• Directions for this task: Output exactly the lines from the line that has "Bol à salade" through the last line of the data below, with no pictures.

• Material provided:
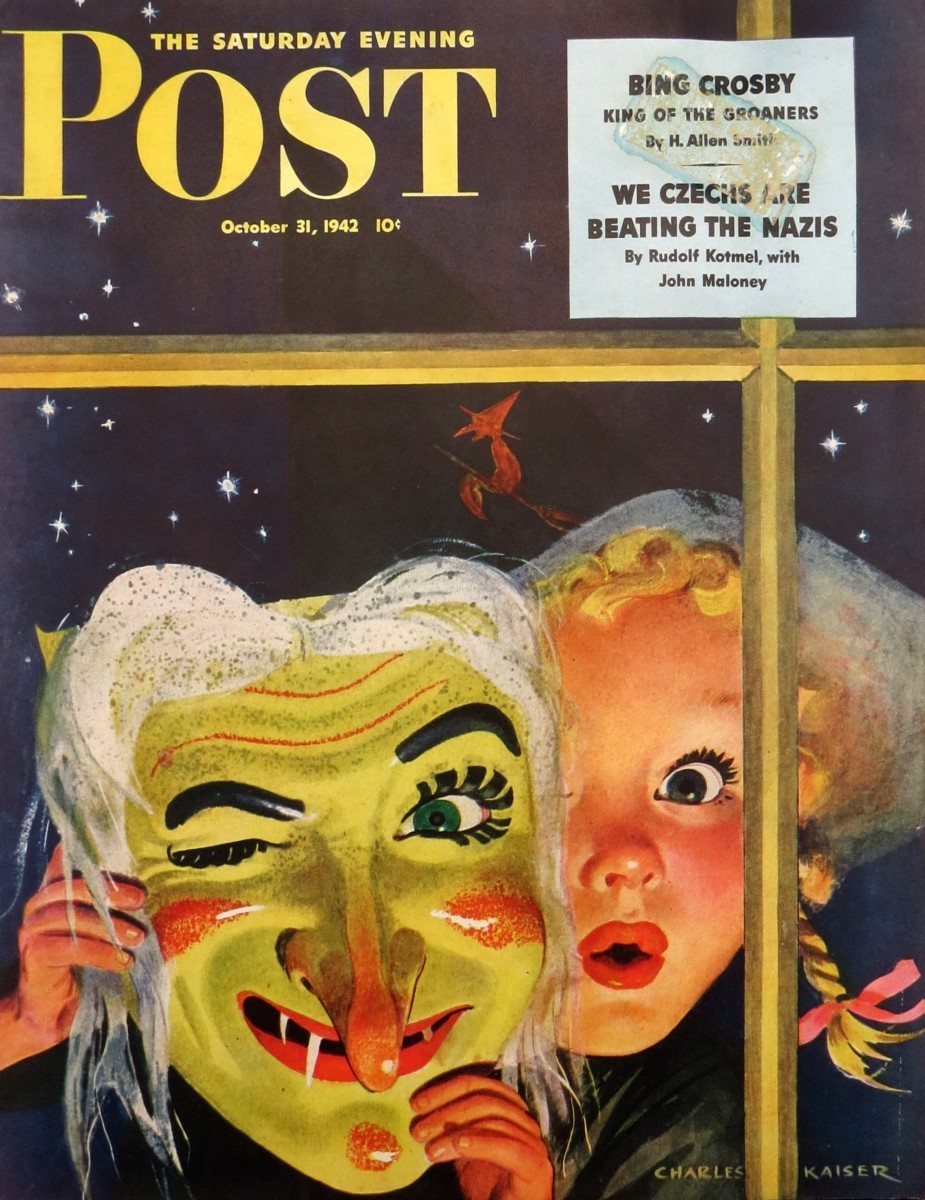 SATURDAY EVENING POST OCTOBER 31 1942 HALLOWEEN WITCH ON BROOMSTICK COVER BY EUGENE IVERD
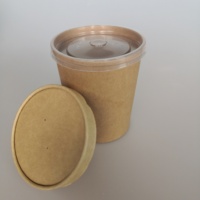 Bol à salade en papier Kraft jetable, stockage rond avec couvercle, de 450Ml 750Ml 900Ml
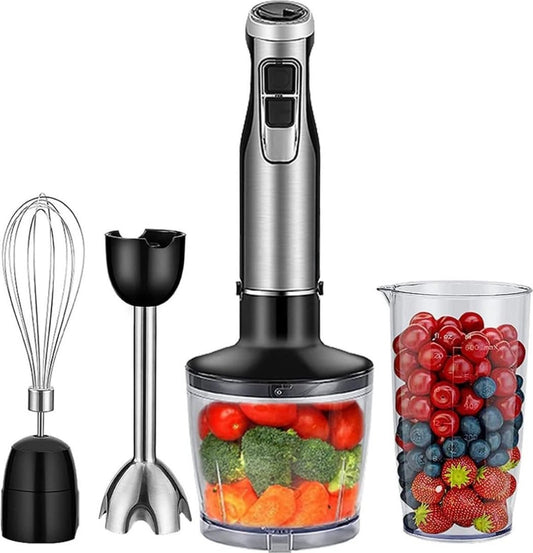 Staafmixers - Handmixer - Elektrische Onderdompelingsmixer - 4 in 1 - 600W - Inclusief Slijpmachine En Beker - RVS Ijsbladen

• Task response:
 Bol à salade en papier Kraft jetable, stockage rond avec couvercle, de 450Ml 750Ml 900Ml
 Staafmixers - Handmixer - Elektrische Onderdompelingsmixer - 4 in 1 - 600W - Inclusief Slijpmachine En Beker - RVS Ijsbladen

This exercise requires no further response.